Ask your question and then count the eight in your head before asking or prompting directions again. Promise. Try it once and see what happens!

Piaget, a child development theorist, developed the Cognitive Development Theory. This theory includes a stage called, the Preoperational Stage, which begins when a human (infant/toddler-aged child) starts to speak, yet, cannot think concretely and also cannot manipulate information mentally. So, the processing time to your question may be why it feels like your child is “not answering you”.

Say Fewer Words

Nix: “Please walk over here carefully and hand mommy the scissors. Those are sharp and I do not want you to get hurt. Bring them here please, be careful! Please walk.”

Choose: Say “walk here, please.” and point in front of you. Once your child is standing in front of you, say, “Scissors” and put your hand out. Once you safely have the scissors say, “we sit when we hold scissors”.

Remember, Piaget has let us know that the brain at this infant/toddler stage is not capable of understanding concepts like “sharp” or “hurt” the way adults do. We want to avoid testing the child on concepts that only parts of their brain can understand – when that part of the brain is not yet developed. Infants and toddlers hear everything but usually only remember the most recent thing said. For example, when you give a toddler a child between green or blue, 9/10 times the toddler will choose blue because it is what they remember not because it is their favorite color.

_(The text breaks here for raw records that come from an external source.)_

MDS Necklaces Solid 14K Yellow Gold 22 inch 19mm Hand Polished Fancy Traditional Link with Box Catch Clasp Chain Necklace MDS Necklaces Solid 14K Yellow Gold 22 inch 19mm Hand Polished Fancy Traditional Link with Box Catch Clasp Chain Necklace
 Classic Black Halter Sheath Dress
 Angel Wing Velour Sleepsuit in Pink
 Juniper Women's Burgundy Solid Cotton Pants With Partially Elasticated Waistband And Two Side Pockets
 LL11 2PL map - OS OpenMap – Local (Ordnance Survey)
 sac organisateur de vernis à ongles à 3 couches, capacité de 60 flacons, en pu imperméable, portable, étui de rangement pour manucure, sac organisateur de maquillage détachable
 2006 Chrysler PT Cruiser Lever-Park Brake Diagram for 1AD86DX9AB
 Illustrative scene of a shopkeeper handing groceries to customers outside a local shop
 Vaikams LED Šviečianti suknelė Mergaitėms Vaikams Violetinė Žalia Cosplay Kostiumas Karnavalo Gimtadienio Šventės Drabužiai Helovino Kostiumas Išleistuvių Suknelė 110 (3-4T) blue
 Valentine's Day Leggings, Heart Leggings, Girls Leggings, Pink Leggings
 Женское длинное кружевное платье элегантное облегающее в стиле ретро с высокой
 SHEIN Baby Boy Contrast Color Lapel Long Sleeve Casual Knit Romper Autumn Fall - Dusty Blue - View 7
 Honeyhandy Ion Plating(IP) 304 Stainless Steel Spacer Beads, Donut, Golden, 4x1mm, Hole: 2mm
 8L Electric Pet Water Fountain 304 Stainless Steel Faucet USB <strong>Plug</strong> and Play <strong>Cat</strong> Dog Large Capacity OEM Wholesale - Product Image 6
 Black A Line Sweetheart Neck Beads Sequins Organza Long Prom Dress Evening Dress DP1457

It is important to remember to choose ACTION over ATTITUDE. Yes, when they grow a bit older we will have to beg them to take the trash out and it will not matter how we ask, right? But, as the teenager stomps through the kitchen and to the dumpster – we appreciate that at least the trash got taken out! This same ideal applies to younger infants and toddlers as well – but we have more control the more we understand their developmental needs and capabilities! What strategy are you excited to implement first?